Jaycee doesn’t push him on it. “Whatever the actual number was, she made a unique connection with Cindy. There were only two people Cindy actually communicated with—me and your wife. For whatever reason, no one else was a
ble to establish the bond that Cindy requires for the use of language.”
“Are you telling me that Helena signed with this chimpanzee?”
“Yes. You did know that she could sign, right?”
“Sure. She has a deaf cousin, but—”
“—and then Helena began doing her academic research. She was always much better on that end of things than I was. It was Helena’s idea to put the mirror in Cindy’s enclosure, so Cindy could actually watch herself sign. After that, Cindy actually began using non-manual markers—”
“Non-manual whats?”
“Markers. Body language to augment meaning. The mirror was simple, but brilliant. I should’ve thought of it, but I didn’t. It really was a breakthrough for Cindy—probably raised her CAE by over a year.”
“I get it now,” David says. “You’d like her research notes, right? I haven’t found any yet, but whatever I find I’d be happy to give you.”
“I wish that was it, but it’s not. We’re at the end of our grant. I applied for an extension and was turned down.”
“I’m sorry to hear that. Have you tried another source? Perhaps if—”
“I’ve gone everywhere and talked to everyone. Even Washington. Believe me, it’s not for want of trying.” Jaycee struggles to keep it together. “I was kicked out of CAPS.”

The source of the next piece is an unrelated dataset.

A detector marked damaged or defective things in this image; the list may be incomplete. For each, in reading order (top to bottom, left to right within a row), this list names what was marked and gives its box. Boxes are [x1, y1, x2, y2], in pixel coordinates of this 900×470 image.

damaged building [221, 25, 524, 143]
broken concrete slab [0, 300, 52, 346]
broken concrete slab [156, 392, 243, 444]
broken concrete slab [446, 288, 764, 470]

“I see. So where’s Cindy now?”
“She’s waiting at CAPS at the moment. NIS is required to obtain approval from the US Department of Agriculture before they transfer primates between facilities. It’s supposed to allow the USDA to track the primates to ensure that a chimp infected with something like Ebola isn’t moved by accident to a facility that doesn’t have the correct level of biohazard containment. It can take up to a month to get the approvals, maybe less if there’s someone making the right phone calls. I have someone at the DOA who is keeping an eye out for the application for Cindy, but we can’t even be sure that NIS will follow the regulations.”
“And once Cindy gets transferred?”
“She gets shipped out of CAPS and goes back into the NIS general population at another facility.”
“And that means…?”
“Invasive primate biomedical research—bloodborne pathogens, tuberculosis, seizures, organ transplantation, and developmental surgical techniques. Once she’s transferred…” Jaycee can’t bring herself to finish the sentence. I know that in her own career, Jaycee has seen too much of the horrors Cindy will face.